コタツ評論

あなたが観ない映画 あなたが読まない本 あなたが聴かない音楽 あなたの知らないダイアローグ

読む閑ないから、誰か読んでくれ

2010-06-17 02:22:00 | ブックオフ本




『隠すマスコミ、騙されるマスコミ』(小林 雅一 文春新書)

911以降、アメリカのメディアが「隠し」、「騙されて」いる実態がよくわかる。しかし、アメリカ以上に「隠し」ている日本のマスコミに触れた部分があまりにも少ない。日本の場合は、「隠し」「騙され」の司令塔はアメリカにあるのだが。



『政治・行政の考え方』(松下 圭一 岩波新書)

「キリンの首はなぜ長いのか」とか「竿だけ屋はなぜつぶれないのか」といった「売らんかな」の書名を付けよとまではいわないが、『政治・行政の考え方』では、あまりにも「売らないかんな」ではないか。松圭センセの本は、勉強になるのに、「おもしろくないかんな」といっているようで、「いまどきなあ」とおもしろいくらい。予算と法律に基づく政策づくりの基本がわかる。だからさ、マニュフェストは、政策ではないわけよ。

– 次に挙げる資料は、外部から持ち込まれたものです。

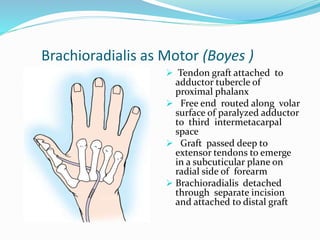 Brachioradialis as Motor (Boyes )
 Tendon graft attached to
adductor tubercle of
proximal phalanx
 Free end routed along volar
surface of paralyzed adductor
to third intermetacarpal
space
 Graft passed deep to
extensor tendons to emerge
in a subcuticular plane on
radial side of forearm
 Brachioradialis detached
through separate incision
and attached to distal graft
 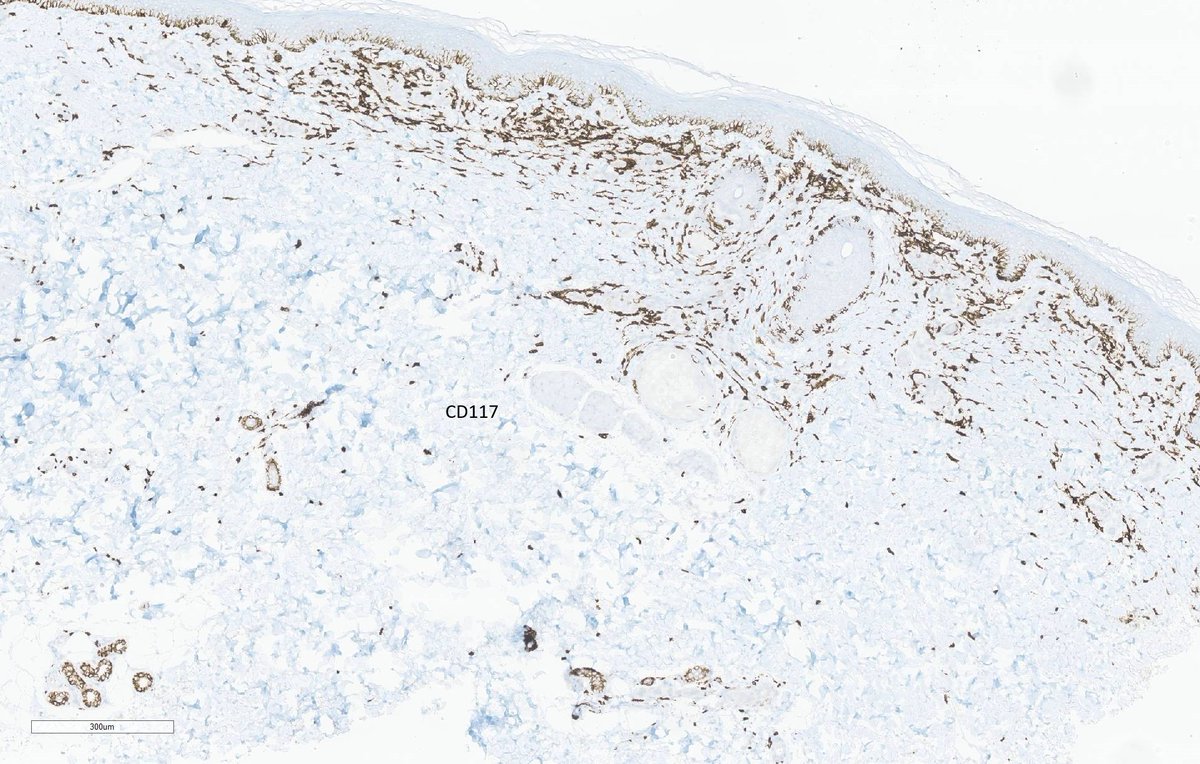TheJPCNCR's tweet photo. Cutaneous mastocytosis, likely a case of telangiectasia macularis eruptiva perstans.
A 44 yo female presented with a multi-year history of erythematous to light-brown macules distributed throughout the body. #pathtwitter #TheJPCNCR https://t.co/cig8DHylJn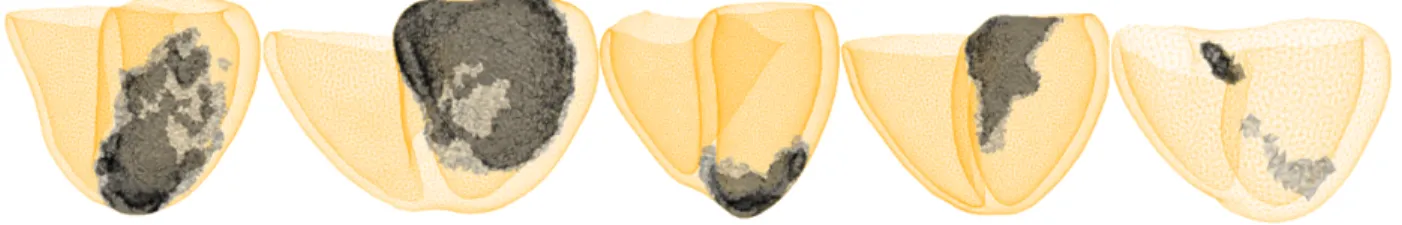 Fig. 3: Personalized heart meshes for our five patients depicting healthy myocardium (yellow), scar (black) and border zone (grey) tissues derived from DE-MRI segmentations.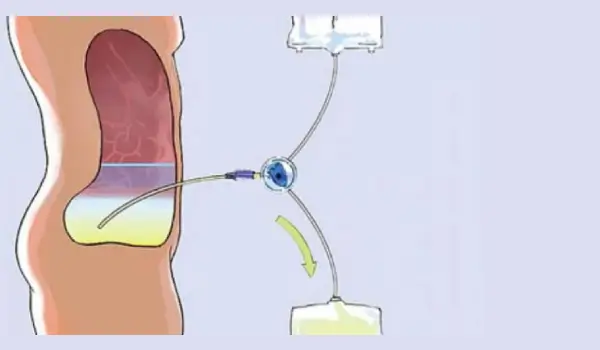 Colocación de catéter para Diálisis peritoneal en Culiacán, Sinaloa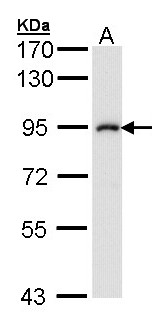IKBKB / IKK2 / IKK Beta Antibody - Sample (30 ug of whole cell lysate). A: A431 . 7.5% SDS PAGE. IKK2 / IKK Beta antibody diluted at 1:1000.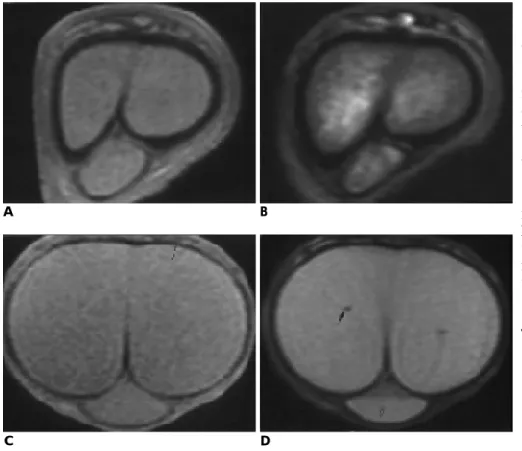 Fig. 1. Coronal MR images of a normal penis in a 32-year-old man.
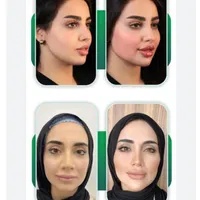 مدل تعداد محدود جهت تزریق لب روسی و کانتورینگ صورت|خدمات آرایشگری و زیبایی|تهران, زعفرانیه|دیوار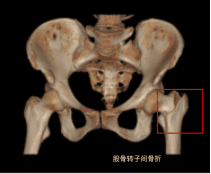 18.“髋”心面对“人生最后一次”-股骨转子间骨折14W创骨6.3-6.9424.png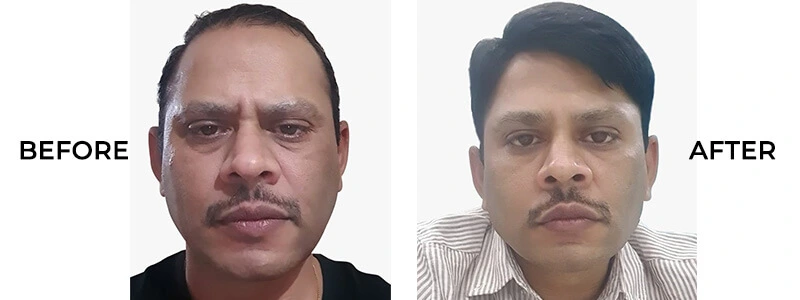 Best Hair Fixing Clinics Bellandur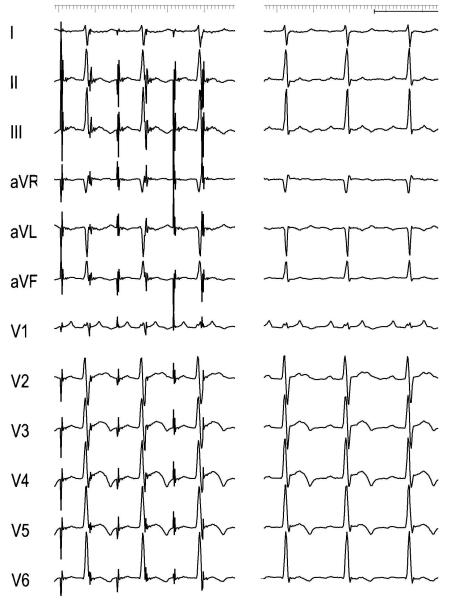 Atrial Pace Mapping (ECG)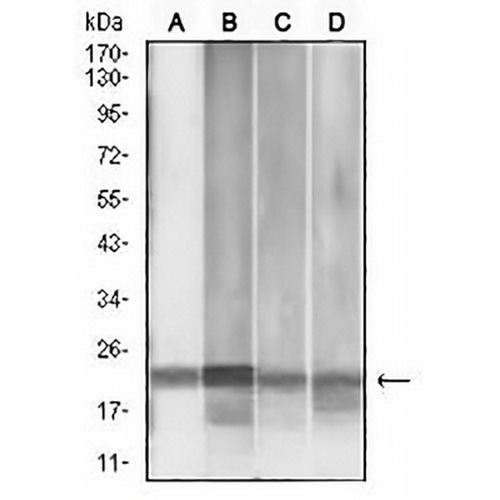 MGMT Mouse Monoclonal Antibody(C2840)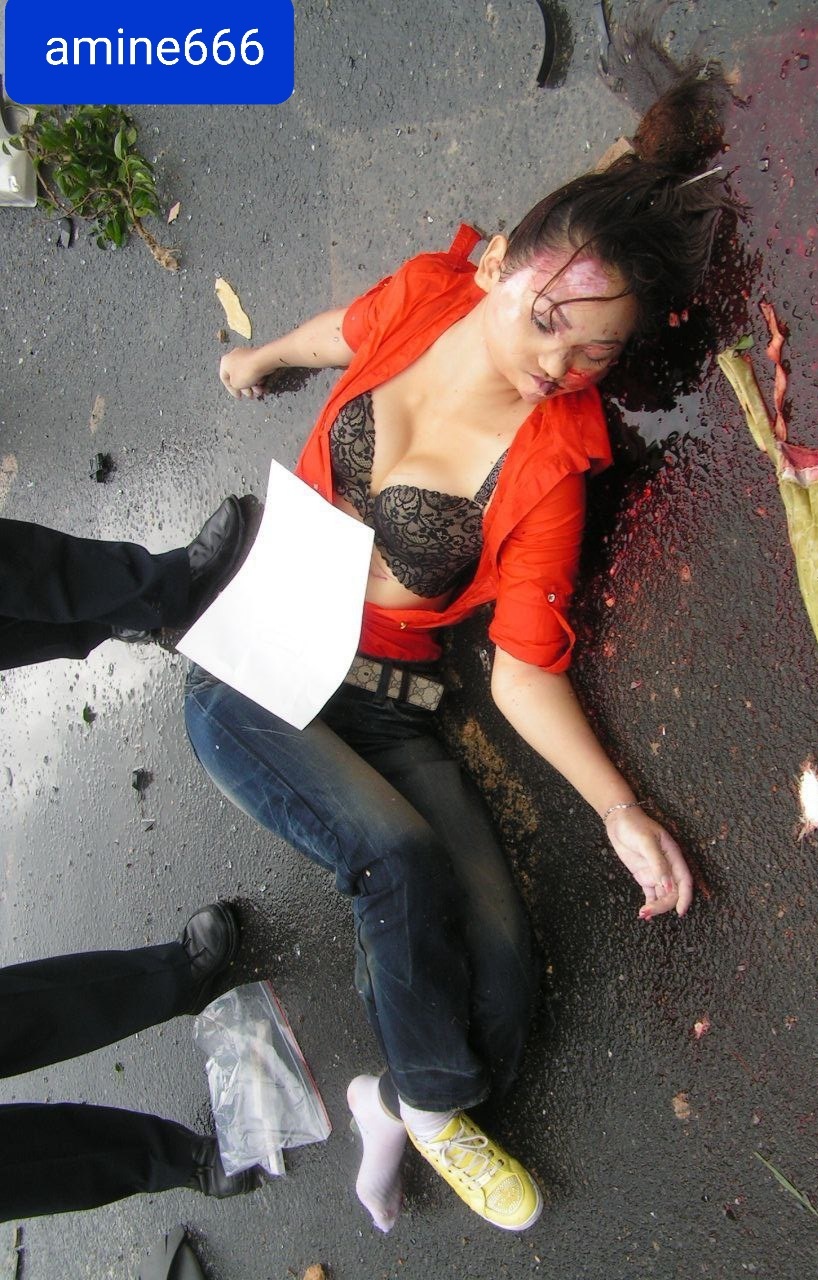 Chinese woman victime of horrific accident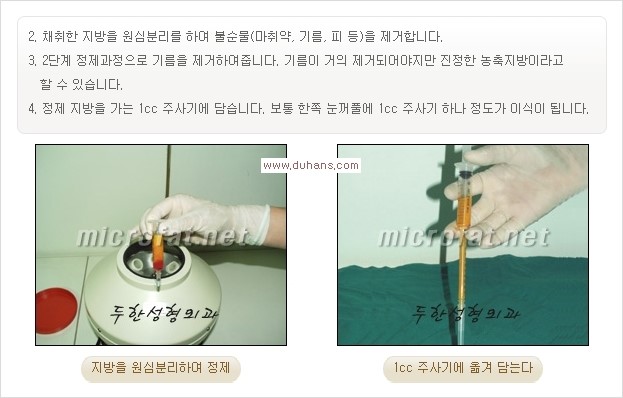 [두한성형외과 경쟁력 쌍꺼풀 재수술, 극한 눈재수술] - [어색한 쌍꺼풀 라인을 교정하는 윗눈꺼풀 미세지방이식] 관련 이미지 3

『安心のファシズム-支配されたがる人々』(斎藤 貴男 岩波新書)

イラク人質事件、自動改札機と携帯電話、心の教育、監視カメラ、社会ダーウィニズムなど、2004年刊行の小泉竹中路線下の社会諸相の論考。『支配されたがる人々-安心のファシズム』とメインとサブのタイトルを入れ替えたほうがよいのでは。アメリカと官僚に、「支配されたがる人々」によって、世界のどこにも類を見ない「安心のファシズム」が覆っている国なのだから。